Analysis of Immunological Parameters
Flow cytometry was used to detect peripheral blood monocytes, including: CD3 (CD3+CD45+), CD4 (CD3+CD4+), CD8 (CD3+CD8+), natural killer (NK; CD3−CD16+CD56+), T regulatory (Tregs; CD4+CD25+CD127 low), and B lymphocytes (CD3−CD45+). On the first day after being admitted to the ICU, the absolute counts of CD3, CD4, CD8, and NK cells in the peripheral blood were lower than normal values: CD3 (IQR, 169–355; range, 50–635 cells/μL), CD4 (IQR, 101–308; range, 27–350 cells/μL), CD8 (IQR, 33–141; range, 21–277 cells/μL), and NK immune cells (IQR, 8–72; range, 5–170 cells/μL). Eight patients had a significant increase in the CD4/CD8 ratio (IQR, 1.05–7.7), which is an important index of autoimmune disease (systemic lupus erythematosus, type 1 diabetes, and rheumatoid arthritis) and transplant rejection [17] (Table 3). Three had a decrease in B lymphocytes and 2 patients had a slight increase in Tregs (Supplementary Figure 1). After treatment, the concentrations of CD4 in 2 patients and CD8 in 3 patients increased to normal levels. In addition, IL-2, IL-4, IL-6, IL-10, TNF-α, and IFN-γ were measured in all patients; IL-6 significantly increased in all (IQR, 14.26–99.2; range, 4.58–1182.91 ng/L) (Table 3). The level of IL-10 increased in 5 patients, while IL-4 and IFN-γ increased in 3 and 2 patients, respectively. After treatment, the concentrations of IL-6 in 3 patients, IL-10 in 4 patients, and IL-4 and IFN-γ in all patients returned to normal levels (Supplementary Figure 1).
Identification of CRS in Critically Ill COVID-19 Patients With Pneumonia
The main characteristics of CRS include a decrease in T cells and NK cells, an increase in IL-6, fever, organ and tissue dysfunction, and an abnormal coagulation function [18]. All of the 11 patients in the ICU had pulmonary infection and fever. All had a significant decrease in circulating T cells and NK cells, and an increase in IL-6 secretion in peripheral blood. In addition, all the patients had dysfunction or failure of 1 or more organs, and 7 patients had coagulation dysfunction. Eight patients showed a significant increase in the CD4/CD8 ratio, suggesting the possibility of an autoimmune response (Table 3 and Table 4). None of the patients had a known prior history of immune disease.

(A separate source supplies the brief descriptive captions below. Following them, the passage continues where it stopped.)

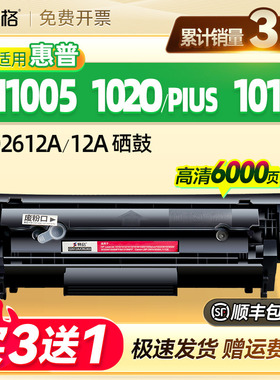 赛格适用于HP12a硒鼓惠普m1005 1020 plus HP1010 HP1018 HP1022打印机墨粉盒佳能LBP2900硒鼓Q2612A碳粉盒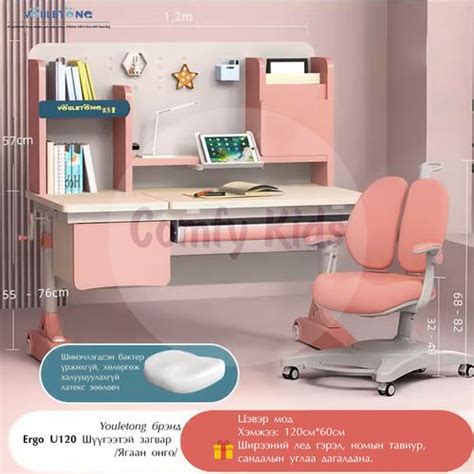 Эргономик хичээлийн ширээ, сандал - eComfy store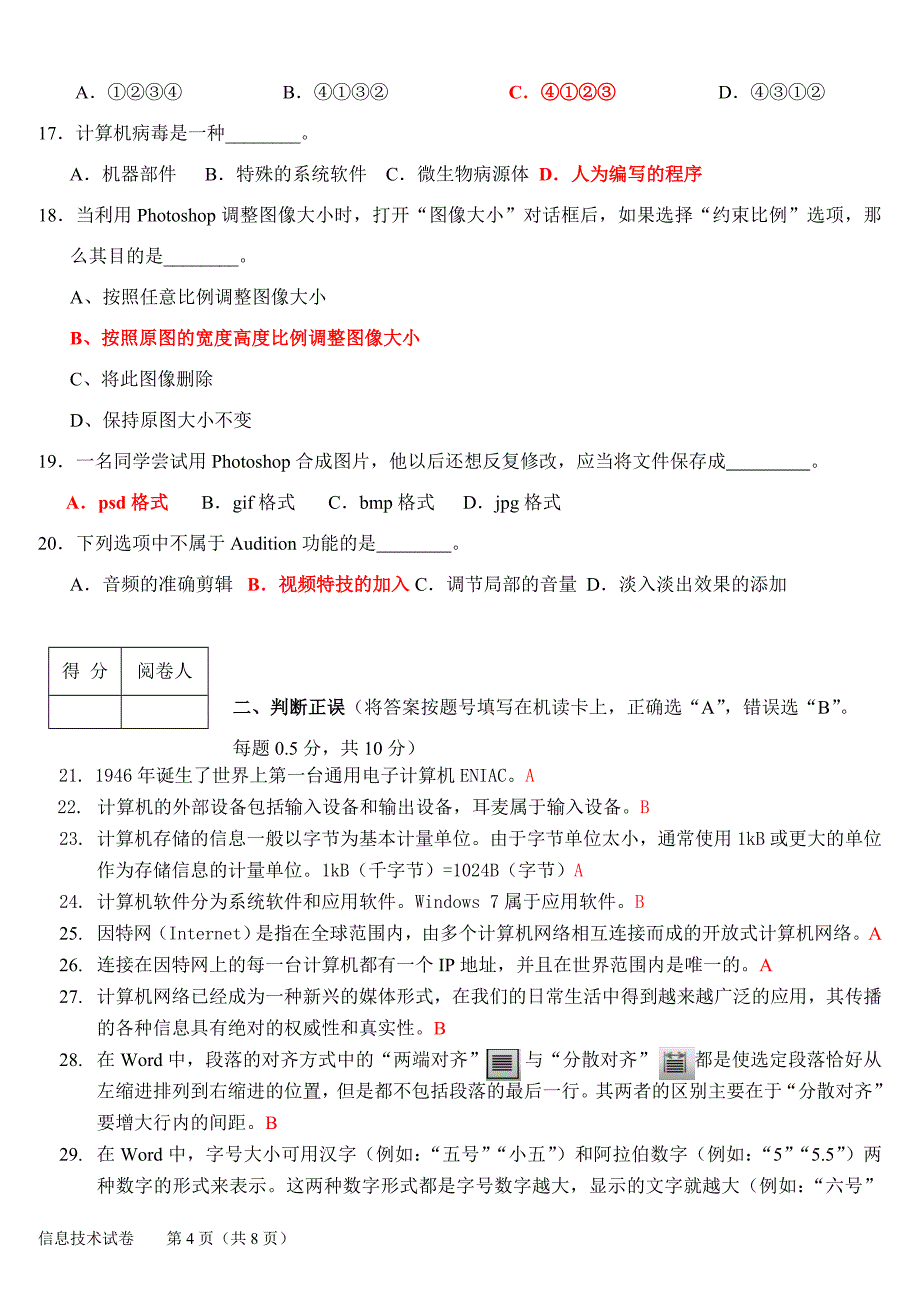 2014初中信息技术会考试卷【拼版A3】-有答案_第4页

The level of IL-6 in 3 of the patients returned to normal after treatment of the infection, and CT imaging showed that the pulmonary shadows had disappeared. These 3 patients had no evidence of extrapulmonary organ injury or blood coagulation dysfunction, and 2 of them were transferred out of the ICU. Eight of the 11 patients showed evidence of CRS features (Table 3 and Figure 1). After treatment, the levels of CD4, CD8, and NK cells were returned to normal. In addition, IL-6 and IFN-γ decreased. At the same time, the organ function of the patients improved (Table 3 and Supplementary Figure 1).
Table 4.
Severity of Illness Scores and Blood Gas Analysis in Patients With COVID-19 Pneumonia (n = 11)

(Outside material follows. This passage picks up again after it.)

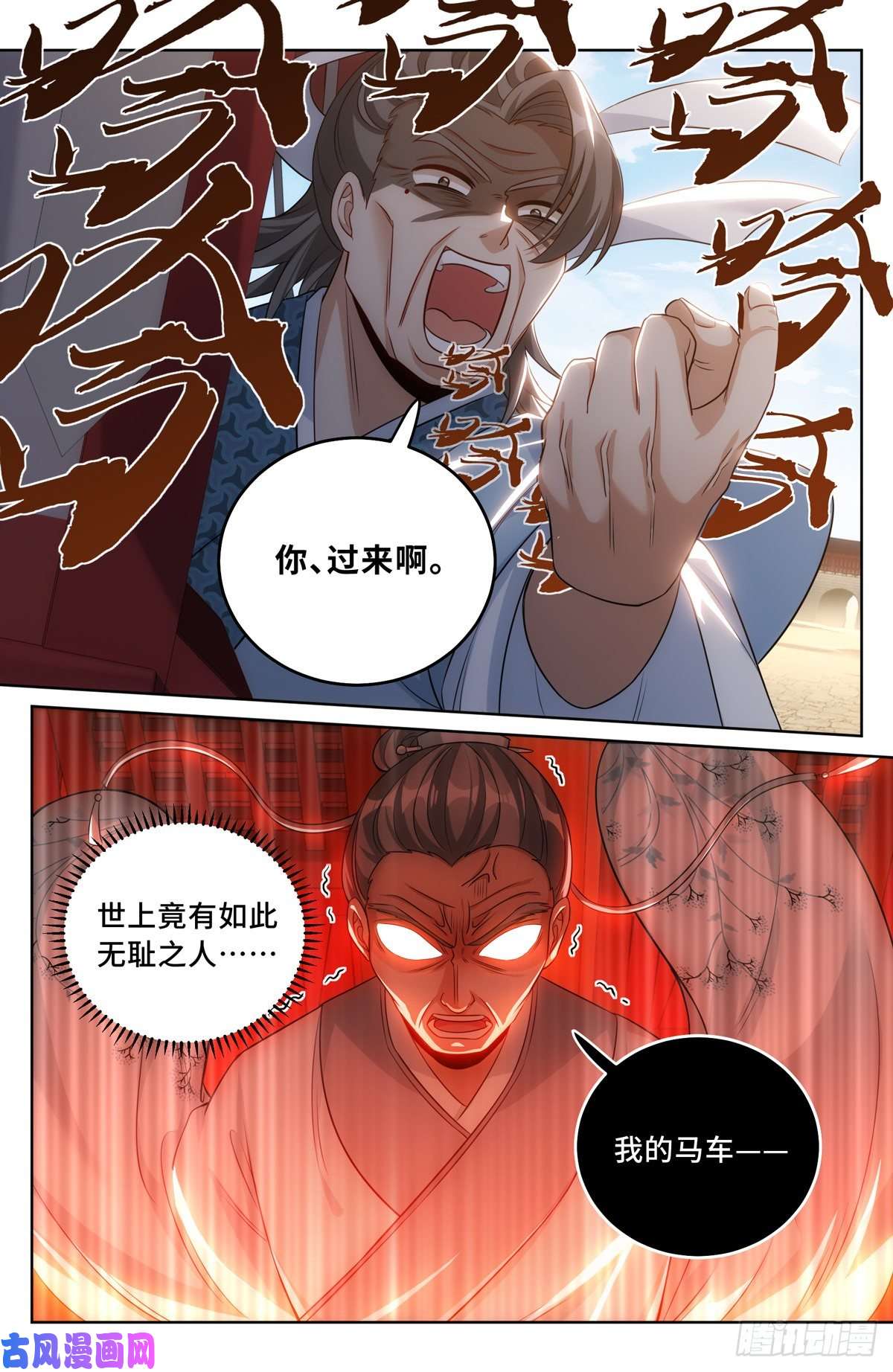 大奉打更人033儒家德行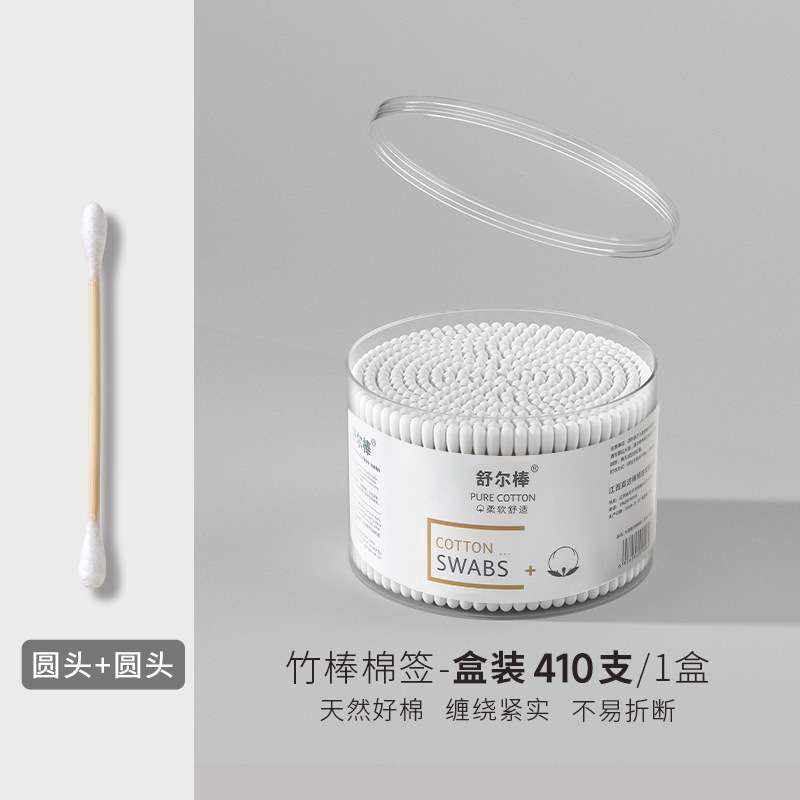箱の中の綿棒を拾います。使い捨ての化粧綿棒と綿棒の家庭用の両頭の先に耳を切ります。|undefined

| Score | Normal Range | Patients, Median (IQR) |
|---|---|---|
| Time from hospital admission to ICU admission | NA | 8 (6–10) |
| APACHE II | NA | 20 (7–22) |
| SOFA | NA | 9 (3–12) |
| pH | 7.35–7.45 | 7.38 (7.24–7.45) |
| Pao2, mm Hg | 83–108 | 106 (69.2–132) |
| Pao2:Fio2, mm Hg | 400–500 | 193 (115–210) |
| Paco2, mm Hg | 35–48 | 39.5 (37.9–46.7) |
Abbreviations: APACHE II, Acute Physiology and Chronic Health Evaluation II; Fio2, fraction of inspired oxygen; ICU, intensive care unit; IQR, interquartile range; NA, not available; Paco2, partial pressure of carbon dioxide; Pao2, partial pressure of oxygen; SOFA, Sequential Organ Failure Assessment.
Figure 1.
Timeline of disease course according to days from definitive diagnosis of illness and days from entering ICU. Before entering the ICU, 5 patients received corticosteroid therapy. In the treatment and nursing processes of the ICU, 6 patients were intubated, 2 patients were given ECMO, and 8 patients had CRS symptoms; 2 patients who had non-CRS symptoms were transferred out of the ICU. Abbreviations: CRS, cytokine release syndrome; ECMO, extracorporeal membrane oxygenation; ICU, intensive care unit.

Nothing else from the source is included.